If the Logger is active, it will log the mapping of Threads to the device’s output pins to the orocos.log file. Just before step() is entered, the pin will be set high, and when step() is left, the pin is set low again. From within any RTT activity function, you may then additionally use the ThreadScope driver as such :

  RTT::DigitalOutInterface* pp = DigitalOutInterface::nameserver.getObject("ThreadScope");
if ( pp )
    pp->setBit( this->getTask()->thread()->threadNumber(), value );

which sets the corresponding bit to a boolean value. The main thread claims pin zero, the other pins are assigned incrementally as each new Orocos thread is created.

Synchronisation Primitives

Orocos OS only provides a few synchronisation primitives, mainly for guarding critical sections.

Mutexes

There are two kinds of Mutexes : RTT::os::Mutex and RTT::os::MutexRecursive. To lock a mutex, it has a method lock(), to unlock, the method is unlock() and to try to lock, it is trylock(). A lock() and trylock() on a recursive mutex from the same thread will always succeed, otherwise, it blocks.

For ease of use, there is a RTT::os::MutexLock which gets a Mutex as argument in the constructor. As long as the MutexLock object exists, the given Mutex is locked. This is called a scoped lock.

The first listing shows a complete lock over a function :

RTT::os::Mutex m;
void foo() {
   int i;
   RTT::os::MutexLock lock(m);
   // m is locked.
   // ...
} // when leaving foo(), m is unlocked.

Any scope is valid, so if the critical section is smaller than the size of the function, you can :

RTT::os::Mutex m;
void bar() {
   int i;
   // non critical section
   {
      RTT::os::MutexLock lock(m);
      // m is locked.
      // critical section
   } //  m is unlocked.
   // non critical section
   //...
}

Signals and Semaphores

Orocos provides a C++ semaphore abstraction class RTT::os::Semaphore.
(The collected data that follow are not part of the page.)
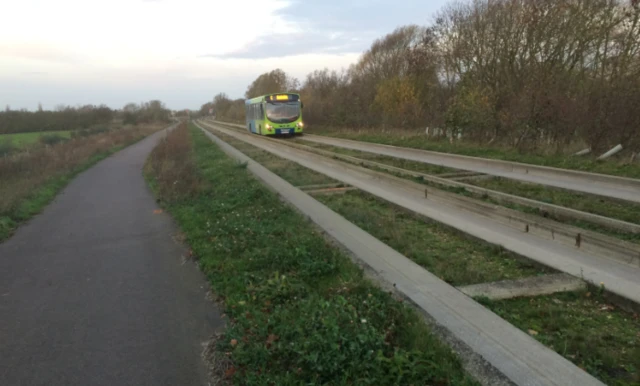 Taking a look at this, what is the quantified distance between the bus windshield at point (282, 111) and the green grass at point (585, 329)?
28625 mm

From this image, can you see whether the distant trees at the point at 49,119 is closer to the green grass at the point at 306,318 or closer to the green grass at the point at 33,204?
the green grass at the point at 33,204

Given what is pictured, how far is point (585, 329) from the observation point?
154 inches

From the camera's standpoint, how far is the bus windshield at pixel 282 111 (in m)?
31.9

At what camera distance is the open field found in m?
3.44

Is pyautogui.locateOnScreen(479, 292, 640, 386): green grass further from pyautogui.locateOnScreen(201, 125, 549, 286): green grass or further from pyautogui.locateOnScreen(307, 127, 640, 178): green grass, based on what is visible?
pyautogui.locateOnScreen(307, 127, 640, 178): green grass

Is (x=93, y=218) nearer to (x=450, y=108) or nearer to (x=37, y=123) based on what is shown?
(x=450, y=108)

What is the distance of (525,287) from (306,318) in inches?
95.0

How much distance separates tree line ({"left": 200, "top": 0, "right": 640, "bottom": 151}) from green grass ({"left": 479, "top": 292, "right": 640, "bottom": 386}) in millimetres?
10810

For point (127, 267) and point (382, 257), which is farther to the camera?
point (127, 267)

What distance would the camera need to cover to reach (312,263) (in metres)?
5.45

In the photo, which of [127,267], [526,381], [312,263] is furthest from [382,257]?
[127,267]

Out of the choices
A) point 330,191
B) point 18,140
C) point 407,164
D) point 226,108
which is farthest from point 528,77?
point 226,108

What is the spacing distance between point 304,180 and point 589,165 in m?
7.89

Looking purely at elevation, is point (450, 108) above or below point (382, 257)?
above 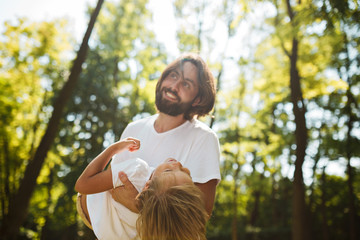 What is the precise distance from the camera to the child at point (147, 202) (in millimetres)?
1743

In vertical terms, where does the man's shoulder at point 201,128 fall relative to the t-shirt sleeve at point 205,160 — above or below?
above

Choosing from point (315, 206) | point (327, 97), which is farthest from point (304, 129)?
point (315, 206)

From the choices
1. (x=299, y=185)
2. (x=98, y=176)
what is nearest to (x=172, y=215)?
(x=98, y=176)

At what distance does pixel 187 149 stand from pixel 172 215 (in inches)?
28.0

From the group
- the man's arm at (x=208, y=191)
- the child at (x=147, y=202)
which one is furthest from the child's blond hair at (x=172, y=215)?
the man's arm at (x=208, y=191)

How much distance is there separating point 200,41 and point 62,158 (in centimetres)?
900

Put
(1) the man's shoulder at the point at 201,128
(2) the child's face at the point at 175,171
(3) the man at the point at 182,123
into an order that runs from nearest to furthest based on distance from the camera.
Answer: (2) the child's face at the point at 175,171 → (3) the man at the point at 182,123 → (1) the man's shoulder at the point at 201,128

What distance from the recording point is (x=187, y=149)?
2375 millimetres

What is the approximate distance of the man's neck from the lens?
259cm

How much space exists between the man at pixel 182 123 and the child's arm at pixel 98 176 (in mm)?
357

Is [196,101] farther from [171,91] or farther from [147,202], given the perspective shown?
[147,202]

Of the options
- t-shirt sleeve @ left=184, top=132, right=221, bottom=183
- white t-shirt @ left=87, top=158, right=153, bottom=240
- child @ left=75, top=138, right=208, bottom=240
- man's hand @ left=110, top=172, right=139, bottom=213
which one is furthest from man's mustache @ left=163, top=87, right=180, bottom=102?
man's hand @ left=110, top=172, right=139, bottom=213

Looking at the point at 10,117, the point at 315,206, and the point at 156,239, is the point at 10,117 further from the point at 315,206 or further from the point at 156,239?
the point at 315,206

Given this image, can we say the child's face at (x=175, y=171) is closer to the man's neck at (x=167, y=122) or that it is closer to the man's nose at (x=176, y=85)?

It is used mainly for non periodic, blocking tasks or threads. The higher level Event implementation in CoreLib can be used for thread safe signalling and data exchange in periodic tasks.

RTT::os::Semaphore sem(0); // initial value is zero.
void foo() {
   // Wait on sem, decrement value (blocking ):
   sem.wait()
   // awake : another thread did signal().

   // Signal sem, increment value (non blocking):
   sem.signal();

   // try wait on sem (non blocking):
   bool result = sem.trywait();
   if (result == false ) {
       // sem.value() was zero
   } else {
       // sem.value() was non-zero and is now decremented.
   }
}

Compare And Swap ( CAS )

CAS is a fundamental building block of the CoreLib classes for inter-thread communication and must be implemented for each OS target. See the Lock-Free sections of the CoreLib manual for Orocos classes which use this primitive.